Poor English, computer skills make graduates unemployable
02:35AM Sun 23 Jun, 2013
Of the five million odd graduates that India produces annually, only a little over half are employable in any sector of the knowledge economy. Inadequate English and computer skills are key factors holding back students, especially those from smaller towns.
The National Employability Report by Aspiring Minds, an employability solutions company, revealed this, based on the computer adaptive test on 60,000 Indian graduates. The students were tested communication skills in English, computer knowledge, analytical, cognitive skills and basic accounting knowledge.

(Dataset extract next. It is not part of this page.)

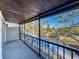 Screened balcony featuring a lovely water view, black railing, and neutral carpeting at 9201 Tudor Dr # C212, Tampa, FL 33615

According to the report, women show similar or higher employability compared to men, despite them scoring lower than men on many parameters barring English or analytical skills. Predictably, arts stream had the highest proportion of women, followed by commerce. Science and accounts had the lowest. The one area where women could needed help seems to be computer programming skills.
About 16% and 14% of the graduates were employable in sales and customer service or operations jobs, respectively. These require communication, cognitive skills and personality traits such as friendliness and agreeableness and in the latter numerical ability too.

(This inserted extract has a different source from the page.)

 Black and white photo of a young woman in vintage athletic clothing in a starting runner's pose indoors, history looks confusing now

Over one third of the graduates (36%) were suitable for employment in clerical/secretarial jobs, the sector showing highest employability for graduates, followed by IT-enabled services and BPO. These show 21.4% employability as they require relatively low skills.

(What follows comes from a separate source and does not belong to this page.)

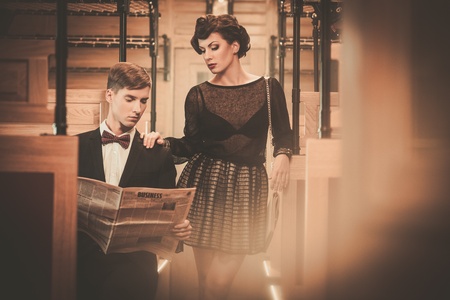 Beautiful vintage style couple reading newspaper  inside retro train coach の写真素材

However, when it comes to IT services and IT operations, only 13% and 16%, respectively are employable. Just 2% are employable in corporate communication or content development, for which the primary requirement is exceptional command over English and basic analytical skills. Only 3% are employable as analysts and a mere 2% in accounting. In teaching,the employability was just 15%.
The city from where the students graduate also influences employability. Employability is highest in the bigger Tier I cities (over 25 lakh population). The drop in employability is maximum for jobs of analysts and corporate communication, all jobs that require high competence in cognitive skills and English.
It was found that the higher the skill requirement for a job, the greater the gap between employability in Tier I compared with Tier II and III cities.
Tier III cities (less than five lakh population) seem worst off when it comes to exposure to computers, while in English both Tier II and Tier III need help.
When it comes to a drop in skills from Tier II to Tier III cities, it is noticeable that the drop in cognitive skills is the highest among management and engineering students.
Non-metro cities have lower employability across all sectors. When students from non-metros shifted to the metrosfor graduation, they have scores similar to the metro students in English and cognitive skills.
The difference doesn't close for computer fundamentals, despite higher education in a metro Incidentally, when metro students moved to non-metros, they did worse on all scores than non-metro students who continued where they were.